The traditional CPU-bound applications of the past have been replaced by multiple concurrent data-driven applications that use lots of memory. These applications, including databases and virtualization, put high stress on the virtual memory system which can have up to a 50% performance overhead for some applications. Virtualization compounds this problem, where the overhead can be upwards of 90%. While much research has been done on reducing the number of TLB misses, they can not be eliminated entirely. This thesis examines three techniques for reducing the cost of TLB miss handling.

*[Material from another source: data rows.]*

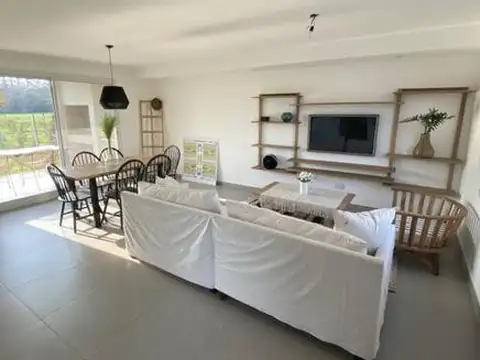 Casa en Venta en Garin, USD 150.000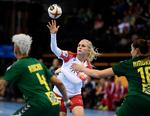 Lotte Grigel tryller med bolden.
   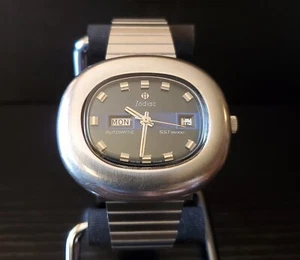 Vintage Zodiac SST 36000 Automatic S/S Automatic Watch on Champion Bracelet - Picture 1 of 20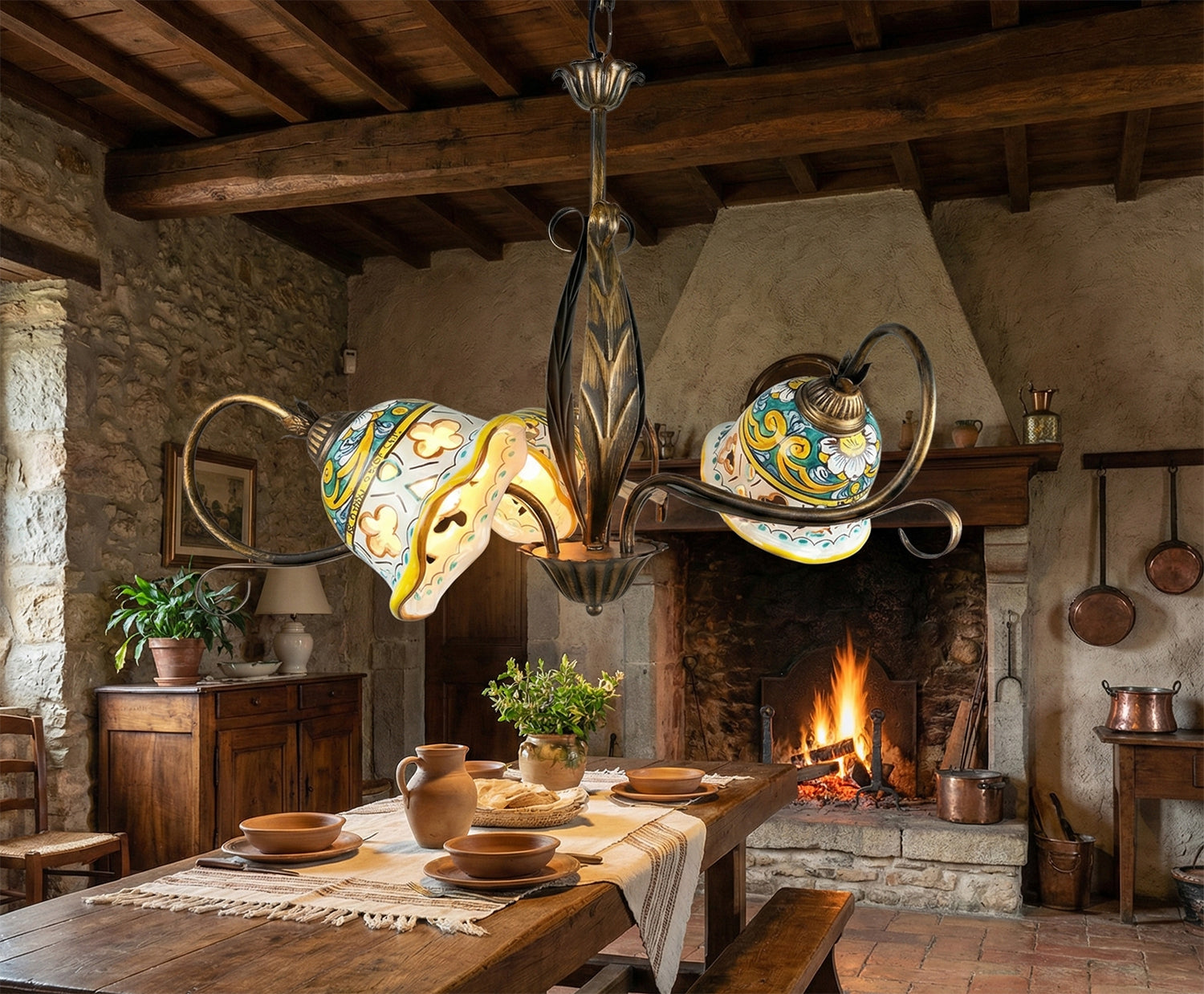 Lampadario a 3 luci in ferro battuto e ceramica realizzato e decorato artigianalmente coll. gomes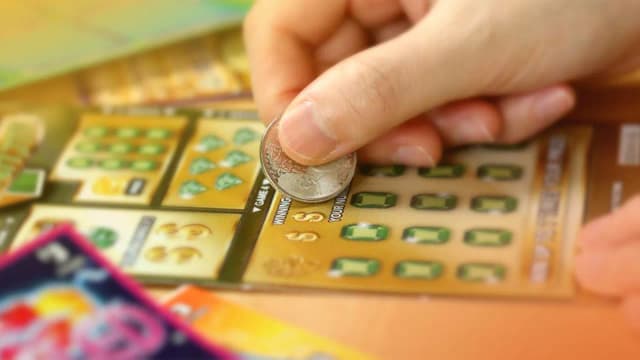 Co 4 zdrapka wygrywa? Poznaj szanse na wygraną w Lotto Co 4 zdrapka wygrywa? Poznaj szanse na wygraną w Lotto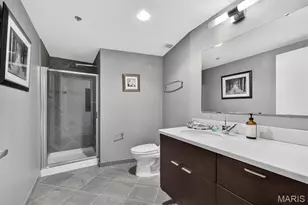 915 Olive St, Saint Louis, MO 63101 - Photo 30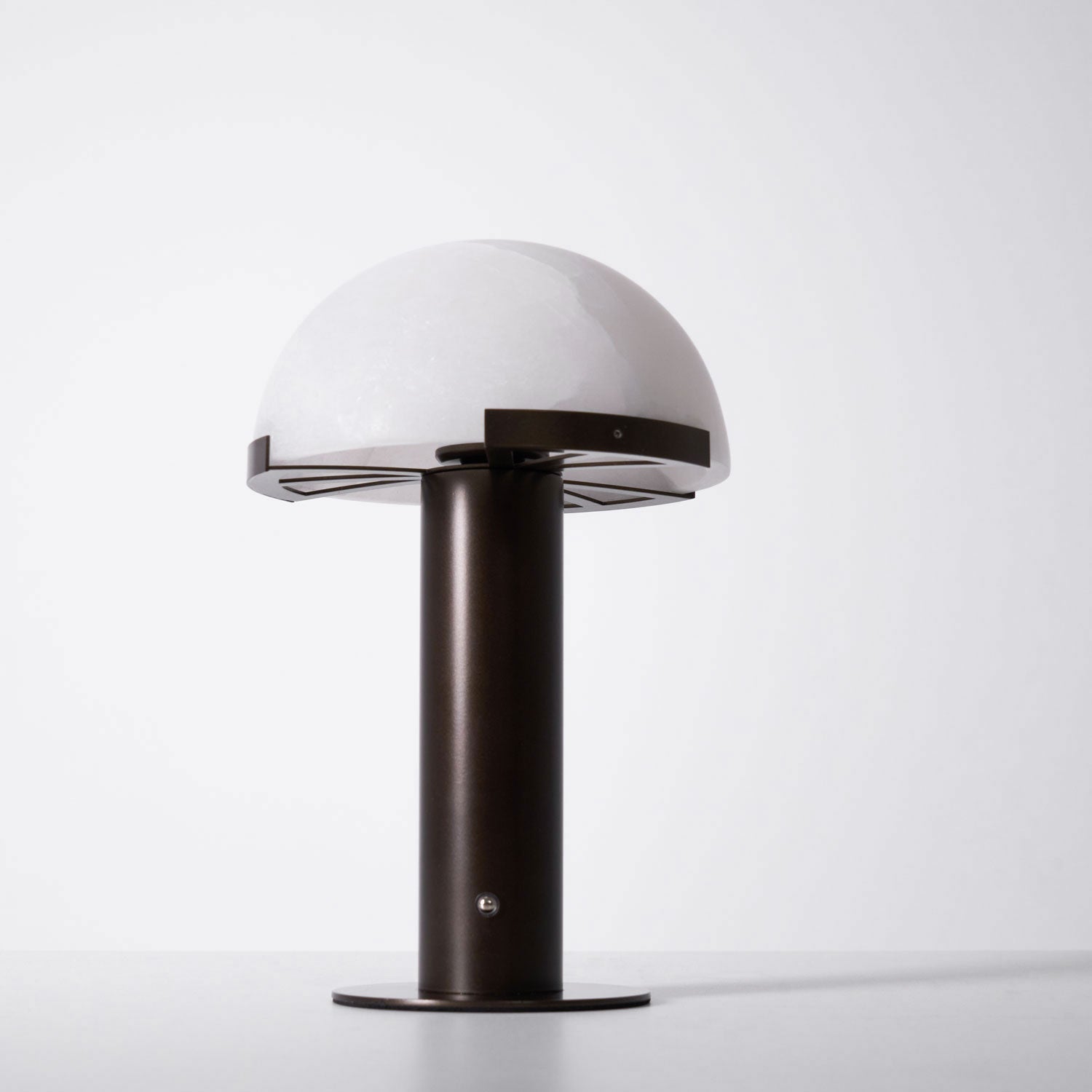 Elegance Minimalist Alabaster Table Lamp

We test each against real-world workloads and find that the techniques that exploit course-grained locality in virtual address use and contiguity found in page tables show the best performance.
The first technique reduces the overhead of multi-level page tables, such as those used in x86-64, with a dedicated MMU cache. We show that the most effective MMU caches are translation caches , which store partial translations and allow the page walk hardware to skip one or more levels of the page table. In recent years, both AMD and Intel processors have implemented MMU caches. However, their implementations are quite different and represent distinct points in the design space. This thesis introduces three new MMU cache structures that round out the design space and directly compares the effectiveness of all five organizations. This comparison shows that two of the newly introduced structures, both of which are translation cache variants, are better than existing structures in many situations.
Secondly, this thesis examines the relative effectiveness of different page table organizations. Generally speaking, earlier studies concluded that organizations based on hashing, such as the inverted page table, outperformed organizations based upon radix trees for supporting large virtual address spaces. However, these studies did not take into account the possibility of caching page table entries from the higher levels of the radix tree. This work shows that any of the five MMU cache structures will reduce radix tree page table DRAM accesses far below an inverted page table.
Finally, we present a novel device, the SpecTLB, that is able to exploit alignment in the mapping from virtual address to physical address to interpolate translations without any memory accesses at all. Operating system support for automatic page size selection leaves many small pages aligned within large page "reservations". While large pages improve TLB coverage, they limit the control the operating system has over memory allocation and protection. Our device allows the latency penalty of small pages to be avoided while maintaining fine-grained allocation and protection.